Clive and I met again while I was still on holiday several times, he had some crumbly old vintage car and we trundled around visiting different beaches and places like Corfe Castle, which, combined with the sublime Dorset landscape and the beautiful weather, is a period of my life that will always remain vividly tinted and beautiful. However, in a way, our time together was a holiday romance. My mistake was thinking it was a relationship. I'll never regret leaving home at 16 and living with Clive in Southampton, because I would be writing a very different story, but holiday romances are always a bad premise for a relationship. Especially ones you conduct abroad. It's hard to find Greek Tavernas in Smethwick, and I don't think there are many decent beaches there either.

When we returned home, my parents had become aware of my new "gay" status. I told them while I was on holiday, which went down like a lead balloon. My parents evolution regarding the acceptance of my sexuality has been long and interesting. I've never sought to push my sexuality at them, but there have been times where my gay status has almost broke our family apart.

The only thing on my mind back in Shropshire, to the detriment of everything and everyone else was Clive, Clive, Clive. I know now it was nauseating. We had a telephone box at the top of our drive, and I spent most of the time in there, proclaiming my undying love for him, as I didn't want my parents to hear me proclaiming my undying love for him on our house phone. When I wasn't doing that, I literally spent hours gazing out of my bedroom window into the middle distance, with a forlorn expression on my face. This was BBC Jane Austen adaptation standard maudlin. Oh, and I did a lot of self-conscious weeping, with the bedroom door open, ensuring everyone else could hear my angst and distress.

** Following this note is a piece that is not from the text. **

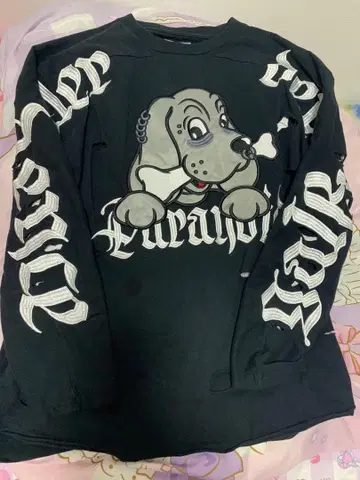 갈피 병에 물든 롱 T셔츠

Looking back, I can see that I told Clive I was moving down there. I don't think there was much discussion. He certainly didn't resist, and he seemed keen. I think my parents were so utterly confounded by my am-dram rapid-cycling bi-polar moods, that tilted on a simple premise of whether Clive picked the phone up or not, added to what was frankly a deeply oppressive atmosphere in the house. My brother had suddenly become Charles Bronson (not the actor, the one in prison), acting ultra-hetero, anti-gay, who frankly made my life miserable (sorry Jason but it's true - I know you love me now, and all is forgiven), and my dad was behaving rather strangely, saying odd things like my handwriting was girlish or effeminate or something like that - obviously everyone was in a bit of a palaver. My decision to go was made easier by the day.

One has to look at coming out not as a 16 year old in 2013, where attitudes are are for the majority 180 degrees switched, but from 1990, 23 years ago, when I came out. The stigma around AIDS had pushed back gay acceptance ten years, we had a government pushing through Clause 28. I think my parents were fearful. I think my mother in particular was worried for the prejudice I might encounter and the obstacles it might put in my way. With hindsight, although her fears were unfounded, I understand them.

I did encounter many problems, but ironically, these came far more from the gay scene itself and from the relationships I had. I have never once received any hostility for my sexuality.

But the day came, on the 1st of September 1990 when I left my parents, never to go back. Just as the happiness of that time in Dorset is a vivid to me now as it was then, so was the awful sadness and loneliness I felt on the day I left, and for weeks after, and those days too are burnished into my memory. But they were the beginning of a new adventure, that would see me go to many incredible places and meet some truly amazing people.